#### BRIEF:
Give the lines of the material verbatim, from the first line to the line with "Oc�an cabine de", including both.

+ + +

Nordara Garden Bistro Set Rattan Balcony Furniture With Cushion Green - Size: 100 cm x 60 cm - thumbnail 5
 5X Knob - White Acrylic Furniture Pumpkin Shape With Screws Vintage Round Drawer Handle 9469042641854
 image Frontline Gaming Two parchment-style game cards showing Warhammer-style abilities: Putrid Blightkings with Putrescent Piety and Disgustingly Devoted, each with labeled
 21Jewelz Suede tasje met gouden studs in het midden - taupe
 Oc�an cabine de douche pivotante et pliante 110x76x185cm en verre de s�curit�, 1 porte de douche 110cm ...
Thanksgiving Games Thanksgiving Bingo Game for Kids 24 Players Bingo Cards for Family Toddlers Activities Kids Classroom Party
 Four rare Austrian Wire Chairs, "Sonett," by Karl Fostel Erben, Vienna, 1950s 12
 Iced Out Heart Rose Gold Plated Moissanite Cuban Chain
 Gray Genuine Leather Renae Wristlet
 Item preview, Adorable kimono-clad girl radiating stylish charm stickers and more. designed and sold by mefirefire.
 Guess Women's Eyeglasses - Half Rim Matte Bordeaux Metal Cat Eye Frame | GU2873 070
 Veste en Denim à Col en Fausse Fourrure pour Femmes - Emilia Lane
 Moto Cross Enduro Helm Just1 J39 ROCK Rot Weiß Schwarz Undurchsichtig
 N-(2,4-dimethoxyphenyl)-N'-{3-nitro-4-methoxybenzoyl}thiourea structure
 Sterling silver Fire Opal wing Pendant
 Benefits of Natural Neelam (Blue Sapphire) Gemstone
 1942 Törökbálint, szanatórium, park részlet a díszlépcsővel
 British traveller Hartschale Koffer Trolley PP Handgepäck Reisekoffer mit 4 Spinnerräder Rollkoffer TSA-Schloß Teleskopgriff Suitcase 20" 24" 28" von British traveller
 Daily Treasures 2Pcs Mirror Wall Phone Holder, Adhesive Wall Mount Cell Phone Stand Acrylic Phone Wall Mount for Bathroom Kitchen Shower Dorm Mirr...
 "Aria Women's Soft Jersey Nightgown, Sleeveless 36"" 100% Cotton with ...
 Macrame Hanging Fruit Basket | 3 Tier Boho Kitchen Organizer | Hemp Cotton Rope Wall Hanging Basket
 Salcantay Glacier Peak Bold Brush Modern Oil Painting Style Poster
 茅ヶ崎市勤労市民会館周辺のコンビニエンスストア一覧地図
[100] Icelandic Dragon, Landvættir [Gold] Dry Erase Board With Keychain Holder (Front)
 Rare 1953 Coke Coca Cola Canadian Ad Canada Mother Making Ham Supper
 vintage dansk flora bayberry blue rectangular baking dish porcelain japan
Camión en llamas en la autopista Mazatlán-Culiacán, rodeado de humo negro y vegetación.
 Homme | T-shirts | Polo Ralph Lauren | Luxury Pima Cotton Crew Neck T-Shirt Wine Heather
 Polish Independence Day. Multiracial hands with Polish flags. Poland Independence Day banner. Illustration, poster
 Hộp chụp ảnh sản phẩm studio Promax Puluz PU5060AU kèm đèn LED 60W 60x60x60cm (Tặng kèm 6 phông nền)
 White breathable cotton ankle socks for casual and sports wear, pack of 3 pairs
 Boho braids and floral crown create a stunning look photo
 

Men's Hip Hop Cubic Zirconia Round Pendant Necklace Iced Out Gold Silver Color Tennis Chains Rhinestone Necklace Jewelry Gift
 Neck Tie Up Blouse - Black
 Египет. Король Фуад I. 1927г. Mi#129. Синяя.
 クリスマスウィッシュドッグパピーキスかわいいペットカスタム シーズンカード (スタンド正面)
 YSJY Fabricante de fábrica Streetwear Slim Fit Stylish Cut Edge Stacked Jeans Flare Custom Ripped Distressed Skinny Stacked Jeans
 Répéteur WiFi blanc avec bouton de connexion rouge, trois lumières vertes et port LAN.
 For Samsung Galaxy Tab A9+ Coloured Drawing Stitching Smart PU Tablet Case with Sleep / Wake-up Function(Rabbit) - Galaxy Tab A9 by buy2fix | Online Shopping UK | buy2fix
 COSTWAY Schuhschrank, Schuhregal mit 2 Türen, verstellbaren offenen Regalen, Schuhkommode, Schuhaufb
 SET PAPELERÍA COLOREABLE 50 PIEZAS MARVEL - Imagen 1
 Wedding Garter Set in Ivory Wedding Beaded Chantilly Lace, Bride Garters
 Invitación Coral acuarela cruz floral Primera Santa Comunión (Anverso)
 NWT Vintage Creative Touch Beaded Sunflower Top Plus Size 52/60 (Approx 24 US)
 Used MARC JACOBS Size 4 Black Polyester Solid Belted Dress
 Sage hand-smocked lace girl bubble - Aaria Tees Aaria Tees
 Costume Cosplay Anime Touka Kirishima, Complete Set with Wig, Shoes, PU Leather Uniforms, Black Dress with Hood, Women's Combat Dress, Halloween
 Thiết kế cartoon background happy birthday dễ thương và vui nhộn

+ + +

#### SOLUTION:
Nordara Garden Bistro Set Rattan Balcony Furniture With Cushion Green - Size: 100 cm x 60 cm - thumbnail 5
 5X Knob - White Acrylic Furniture Pumpkin Shape With Screws Vintage Round Drawer Handle 9469042641854
 image Frontline Gaming Two parchment-style game cards showing Warhammer-style abilities: Putrid Blightkings with Putrescent Piety and Disgustingly Devoted, each with labeled
 21Jewelz Suede tasje met gouden studs in het midden - taupe
 Oc�an cabine de douche pivotante et pliante 110x76x185cm en verre de s�curit�, 1 porte de douche 110cm ...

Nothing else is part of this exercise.